Again let’s take a look at what we want to achieve, a noise based extrusion of selected polygons
Usually extrusion only works with a single extrusion value for all selected polygons, this is what you get if you just use the Extrusion node on a selection of polygons. To individually modify the offset, or any other value, of the extrusion we need to process each polygon individually, which means that we have to modify the geometry multiple times, one after the other, different to the previous example where we did all our position manipulation on the array of positions and then wrote the result back in one single step.
To process geometry multiple times we have to use a Loop Carried Value node. This node has the distinction that it carries the result, value, of an execution over to the next execution. It needs an iterator to work since that defines the looping. There is a related node, the Memory node, which doesn’t require an iterator but uses the animation time instead.
The way it works is actually very simple, every change you do to the data in the loop variable(s) will be available on the input side for the next iteration step and so on.
The basic setup we see is the same as for the Point Displacement we did before. We retrieve the selected Polygons and iterate over their indexes, then we sample a noise value for the position of the center of the polygon and map it on an offset/displacement value. What changes is the last part.
The Loop Carried Value node is primed with the original geometry, which is connected as a Variable. Only Variables are carried from loop iteration to loop iteration. You can define them on the LCV node
The Selection String (index of the currently iterated polygon), the Pivot Matrix (center of the current polygon) and the offset for the extrusion of that polygon are simple input ports. Not the iteration scope connections {… …} that define the loop the LCV node runs through, together with the Get Element, Sample Noise and Range Mapper node. For every iteration step a new polygon index, pivot matrix and offset are provided.
This is what the inside of the LCV node looks like. Additionally to the extrusion there is a Transform Geometry node that will scale down the extruded polygon slightly to give it a bit of a pyramidal shape. This is what we need the polygon center for to make sure the scaling happens in the right location (Pivot Matrix).
The main action is the Extrude node. It receives the current state of the whole geometry from the Previous>Variable 1 port, which for the first iteration is the original geometry we start with. After the extrusion of the currently iterated polygon is done, we use Selection String to define that, the result is forwarded to the transform and then to the Next>Variable 1 port, which makes sure that this changed geometry will be the starting point for the next loop iteration.

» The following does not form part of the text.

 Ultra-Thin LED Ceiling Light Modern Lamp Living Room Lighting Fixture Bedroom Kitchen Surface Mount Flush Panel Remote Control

A point of note, while extrusions change the topology of the geometry they do not change the polygon indexes of the polygons we start with, every polygon added by the extrusion process is added at the end of the list of polygons. This allows us to just go through our original polygon selection, knowing that the indexes remain valid through out the modeling process. This is different if we were to use an operation like delete or subdivide, in that case the original polygon is either not there anymore, or is replaced by multiple polygons, there is no simple solution for those situations a new solution has to be found case by case.

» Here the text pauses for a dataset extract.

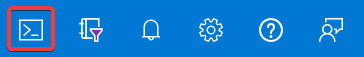 Capture d’écran montrant le bouton Cloud Shell du portail Azure.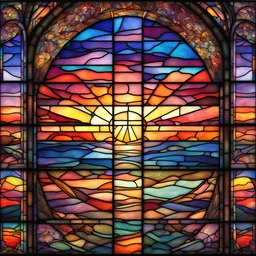 Stained glass sunsets, detailed sunsets in the style of stained glass, digital art, print at home, backgrounds, digital paper, wallpapers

https://nodebase.info/wp-content/uploads/2023/10/Iterations-for-Modeling-02.c4d
Take aways
- Modeling operations that require processing of the whole geometry need to be iterated using a Loop Carried Value node.
- Applying modeling operations in an iterative way can become very slow, depending on the operation and the number of iterations.
- Modeling operations that change the topology of the geometry by deleting or changing the processed elements need extra considerations to ensure that the data for each looping iteration is still valid.